Монах Амвросий недавно упрекнул его, что своим нерадением Василий Дмитриевич нарушил первоначальный облик собора, перепутав местами неповторимые по красоте белокаменные рельефы. Своим чистосердечным подношением он исправит промашку и снимет грех с души.
Твердо все решив, Василий Дмитриевич приказал прибрать сарай, очистить его от мусора и паутины, а заодно получше наточить топоры, ножи и долота. Завтра он начинает свою новую и последнюю работу…
Примерно месяц спустя верный человек Ермолина отправился в Юрьев-Польский через Ростов Великий. На телеге лежал бережно увернутый в солому и мешковину деревянный Георгий, послуживший некогда моделью для каменной фигуры. Еще вез верный человек с собой два письма. Одно — настоятелю Георгиевского собора: Василий Дмитриевич просил принять в дар свою работу. Второе письмо было адресовано Вассиану Рыло. Ермолин сообщал архиепископу, что специально для него начал резать новое изображение Георгия Победоносца. Лучше и совершеннее старого. Он постарается как можно быстрее закончить работу и тогда лично привезет ее в Ростов. В конце письма Василий Дмитриевич высказывал надежду, что Вассиан не оставит его своими заботами и разрешит ростовским переписчикам изготовить для него копию владычного летописного свода.
Московский зодчий неуклонно шел к намеченной цели.

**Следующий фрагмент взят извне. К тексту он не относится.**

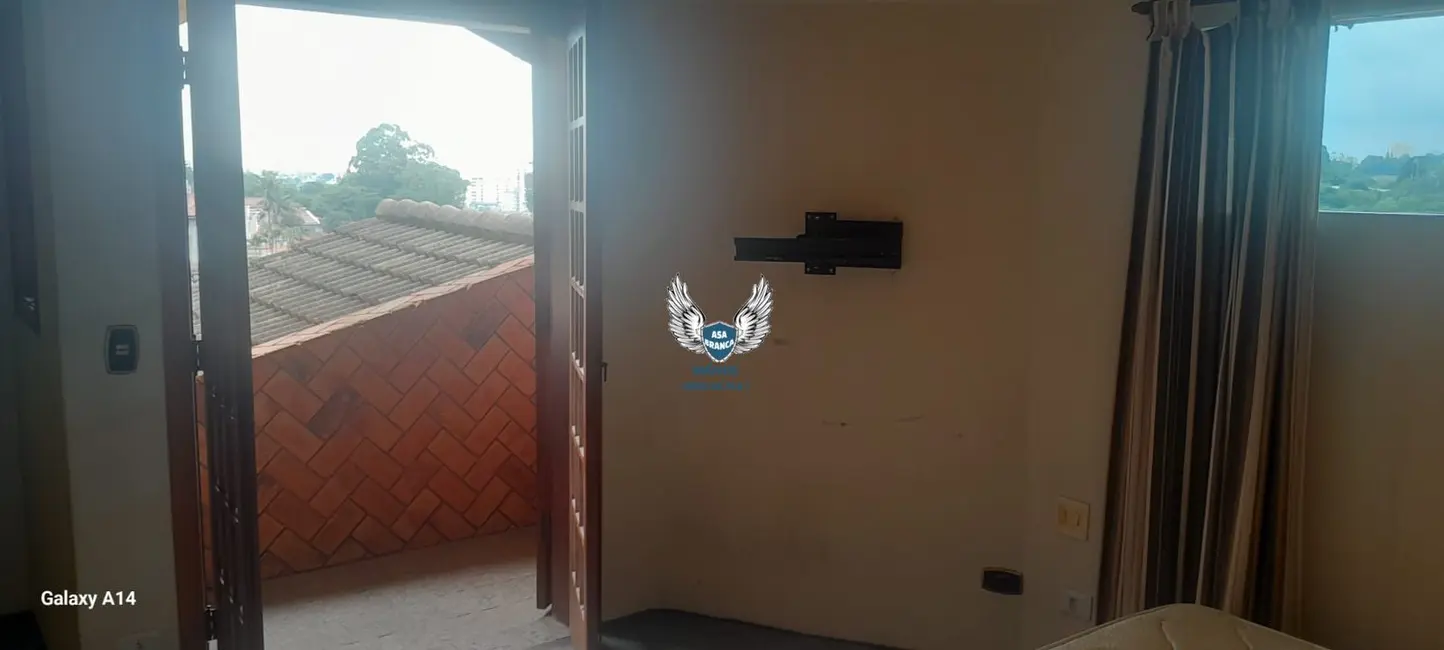 Foto 7 de Sobrado com 4 quartos para alugar, 367m2 em Parque Palmas do Tremembé, São Paulo - SP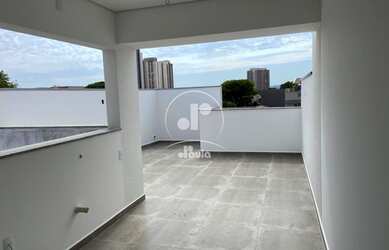Imagem 4: Cobertura de 101m² com 2 quartos e vaga de garagem na Vila América, Santo André-SP!!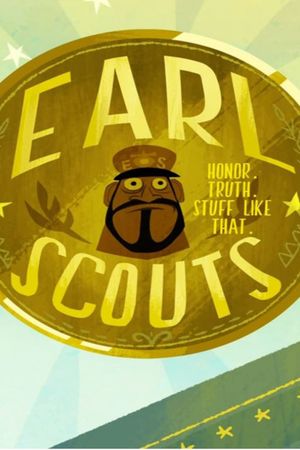 Earl Scouts's poster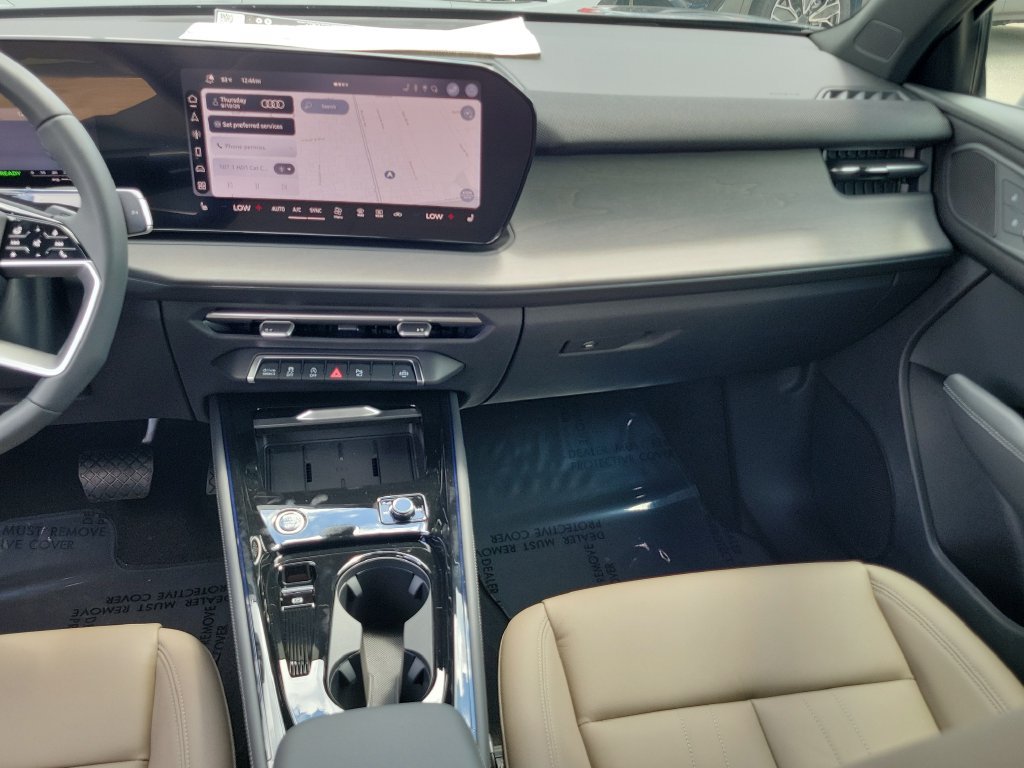 New 2026 Audi Q3 quattro 2.0T AWD/4WD image 21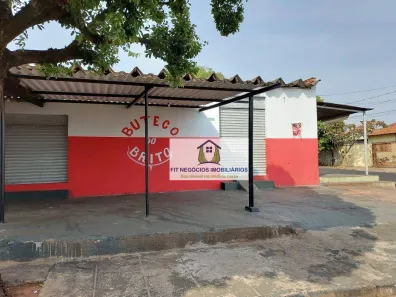 Ponto Comercial para venda ou aluguel, 180m² no Vila Toninho, São José do Rio Preto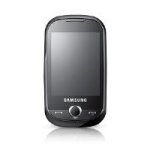 White Genio S3650 Mobile Phone on Vodafone PAYG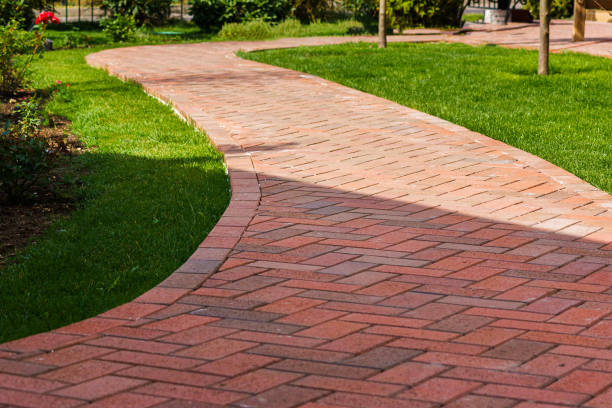 Best Local Driveway Pavers  in Dundee, NY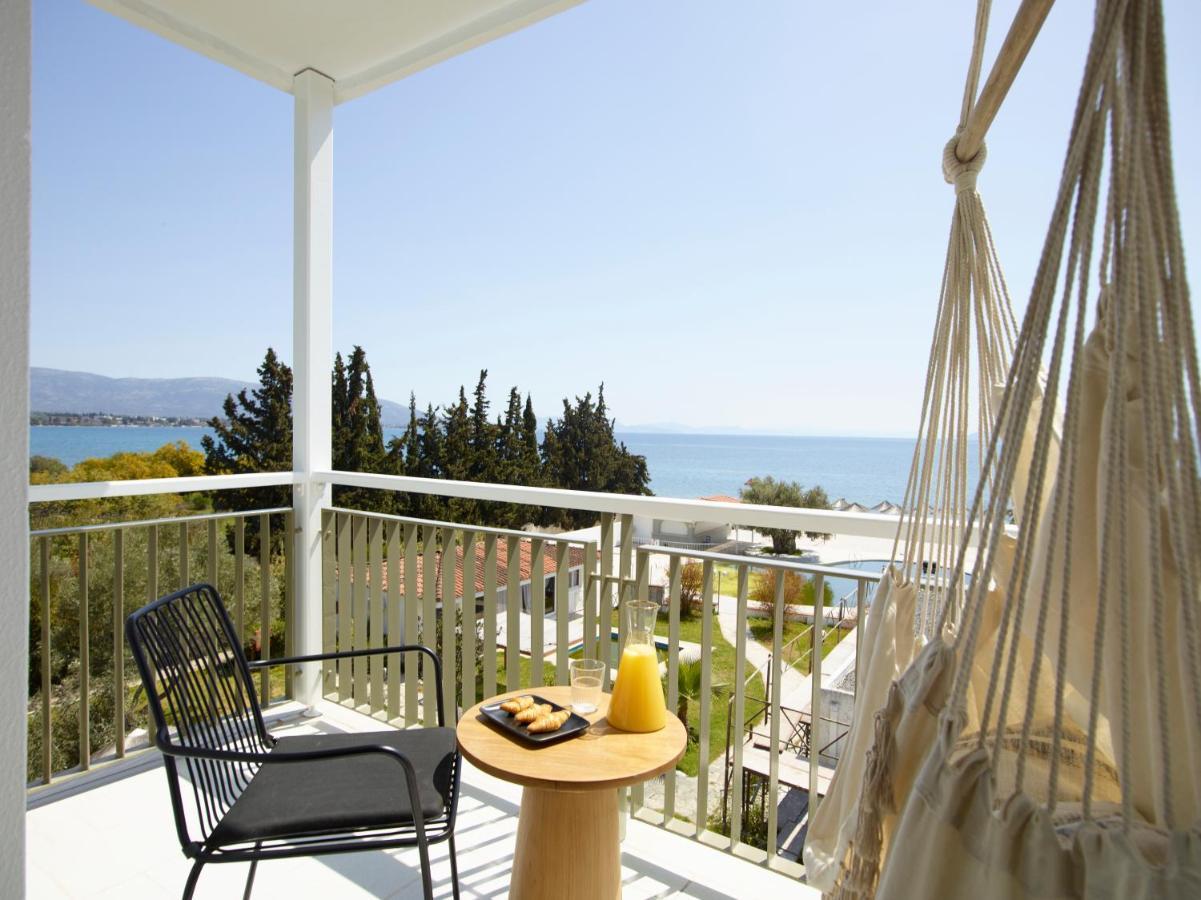Chambre Classique - Vue sur Mer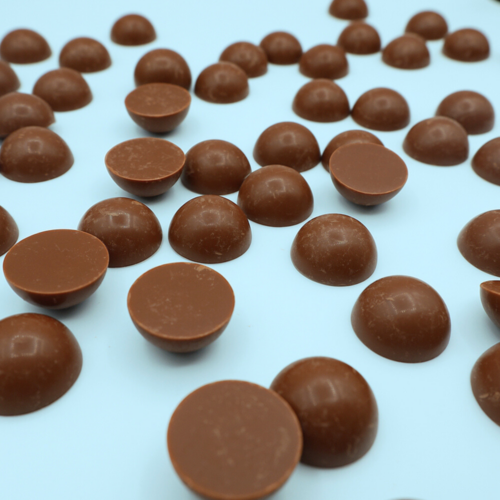 Gotas Chocolate Leche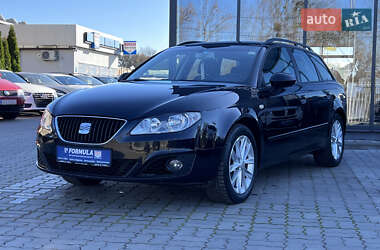 Універсал SEAT Exeo 2012 в Нововолинську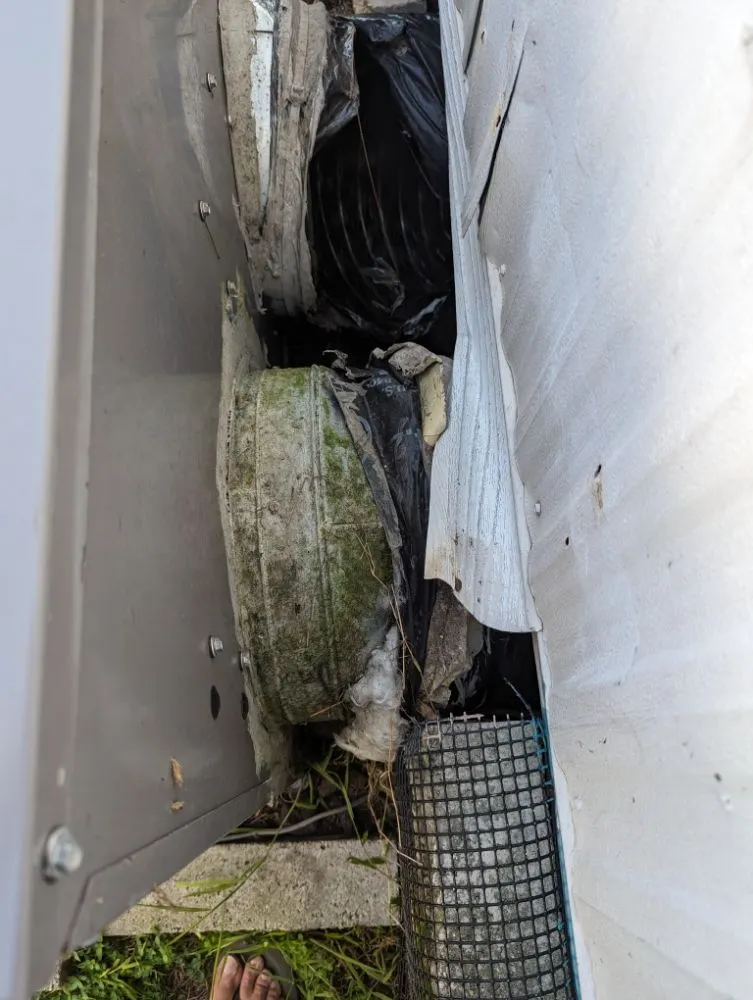 Slide of Family Heating & Cooling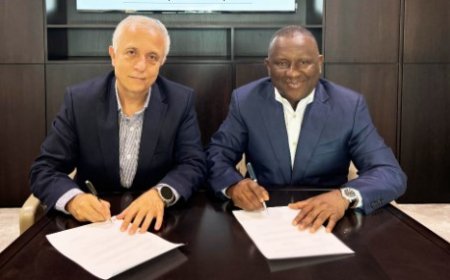 BUA Foods to raise milling capacity by 3,200 tonnes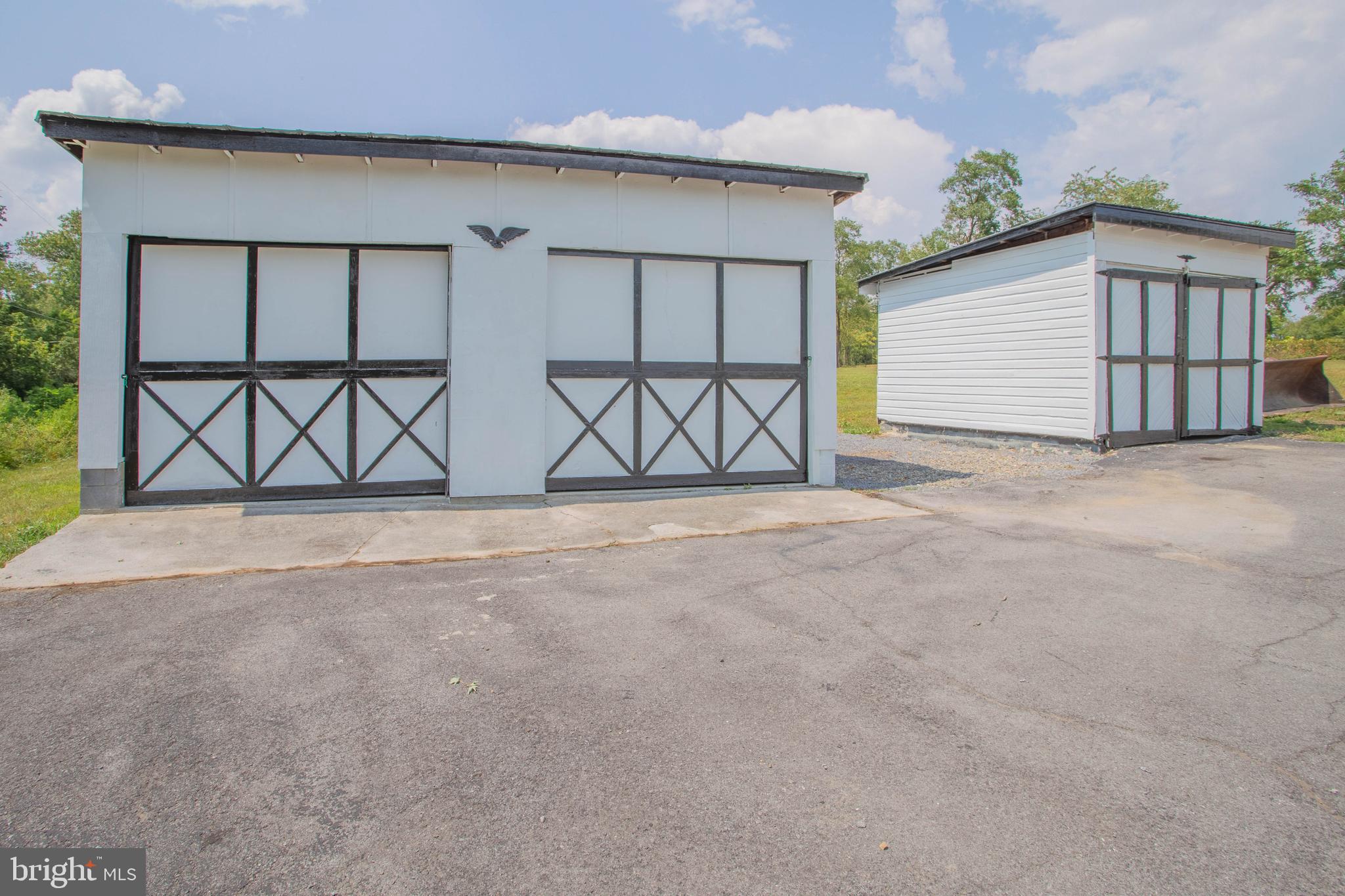 2094 Dominion Road Gerrardstown, WV 25420 - Photo 38 of 45 Gallery Image 38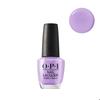 Nail Polish - OPI - NLB29 Do You Lilac It - 15ml - Chip-resistant - Extraordinary Shine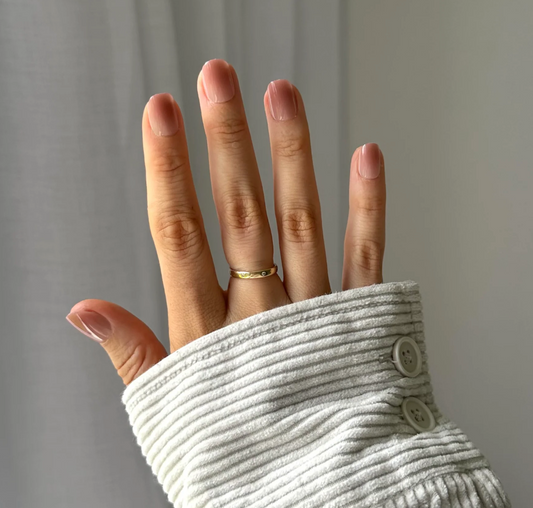 Toast extra-short (gel)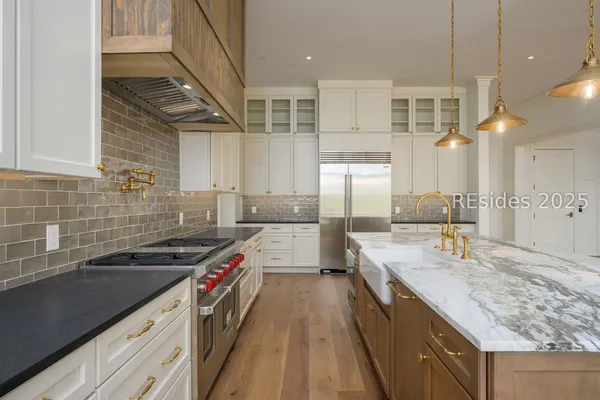 $3,995,000 | 14 Red Knot Road, Bluffton, SC 29910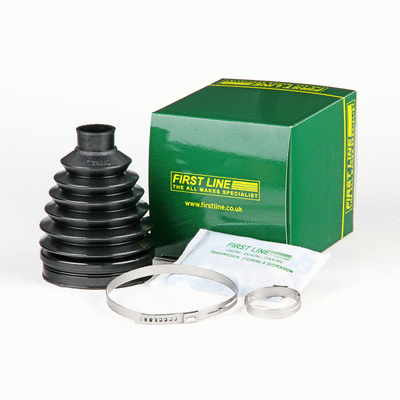 Jeu de joints-soufflets, arbre de commande FIRST LINE FCB6458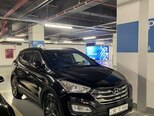 Hyundai Santa Fe-20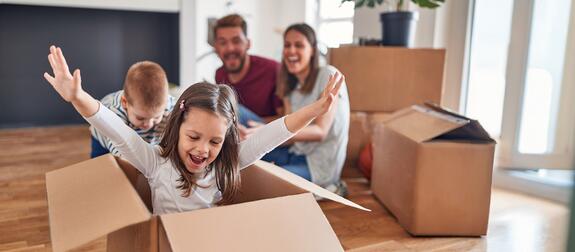 Our vision? A better tomorrow.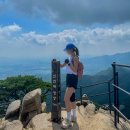 체육공원(수세식) | 도봉산 등산코스 신선대 y계곡 초보의 등산후기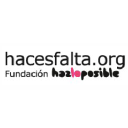 Hacesfalta.org logo
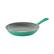 Alt View 19. Tramontina - 14PC Cold Forged Cookware Set - Teal.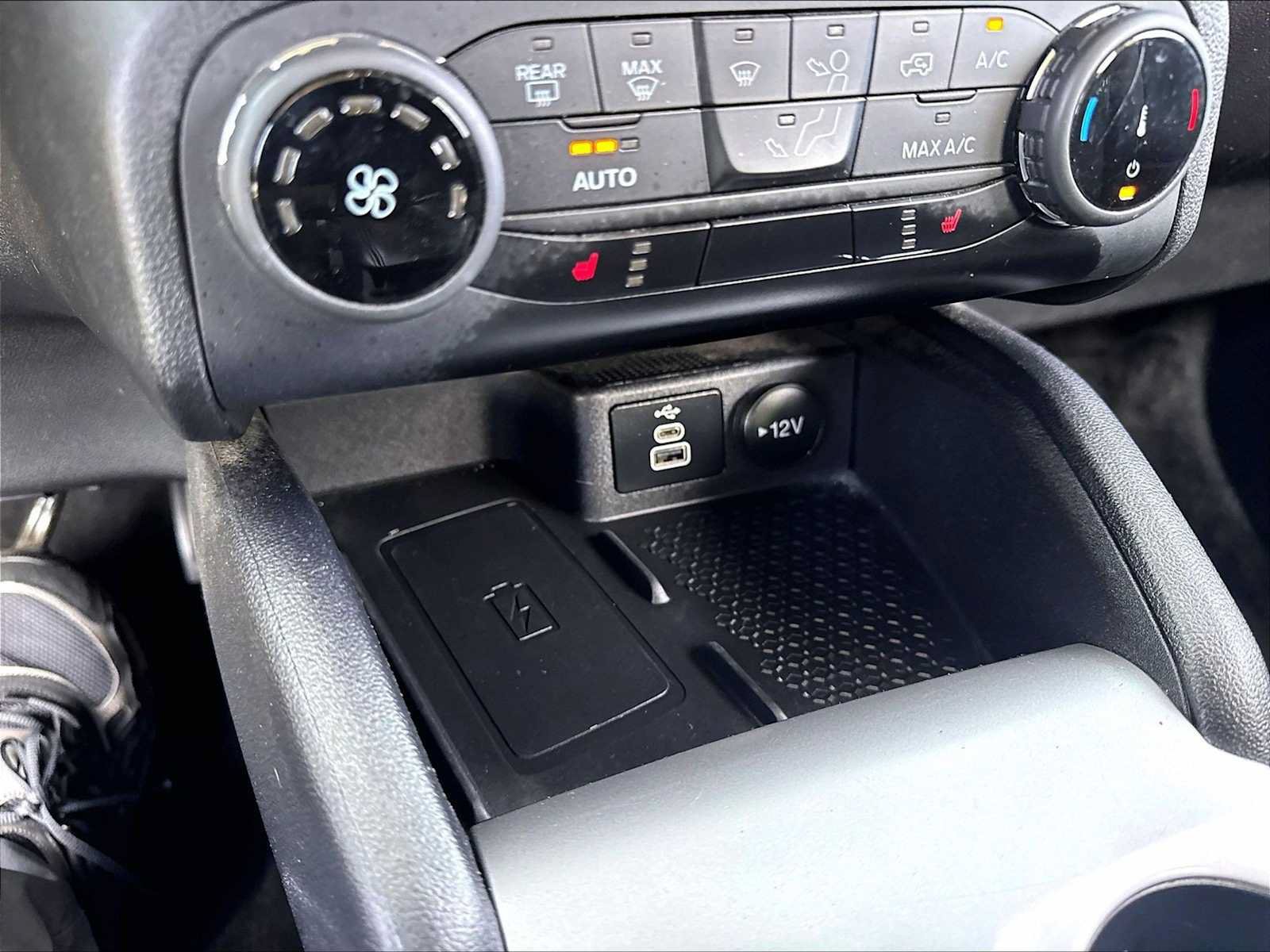 Used 2023 Ford Bronco Sport Big Bend w/ Convenience Package AWD/4WD image 32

Прошло месяцев семь или восемь. Декабрьские морозы совсем наладили труднопроезжие русские дороги. В один из таких холодных солнечных дней из ворот ермолинского дома выехал небольшой обоз: Василий Дмитриевич отправился погостить в Ростов Великий. На санях, тянувшихся сразу за хозяйской повозкой, стоял укрытый рогожами, крепко сколоченный, внушительный ящик. В нем была упрятана новая скульптура.
Ермолин представлял, как по приезде в Ростов ящик бережно внесут в иокои архиепископа и здоровый служка ловко подденет топором крышку ящика и так же ловко отобъет переднюю стенку. Потом Василий Дмитриевич сам уберет многочисленные рогожи и холсты. И тогда перед всеми возникнет нарядное, сверкающее свежими красками изображение Георгия Победоносца на копе. Ловкий, сильный молодой человек только что насмерть поразил копьем страшного змия и готов опять ринуться в новую схватку. Его белый конь с лебединой шеей и маленькой головкой уже взвился в прыжке, но еще сам не знает, где опустить свои копыта…
А что же ждет его, Ермолина, в будущем, в далеком и близком? Эти раздумья все чаще овладевали Василием Дмитриевичем. Воистину справедливо говорит народ: «Что написано пером, не вырубишь топором!» Когда-нибудь неизбежно настанет день, и обветшают перестроенные им стены и башни Кремля. И какой-то другой зодчий по велению другого князя перестроит их. А летопись остается навечно. Людям свойственно в заметках о прошлом искать ответы на сегодняшние вопросы. И может, опыт Ермолина чему-нибудь их научит…
Так, размышляя о предстоящей встрече и разговорах с Вассианом, знаменитый русский зодчий, скульптор и реставратор торопился в Ростов, к конечной цели своего путешествия. И, сам того еще не понимая, стремился к своему будущему бессмертию…
Летом 1967 года в Успенском соборе Кремля начались археологические раскопки. Сняв тяжелые плиты пола, археологи стали опускаться на метры и века под землю.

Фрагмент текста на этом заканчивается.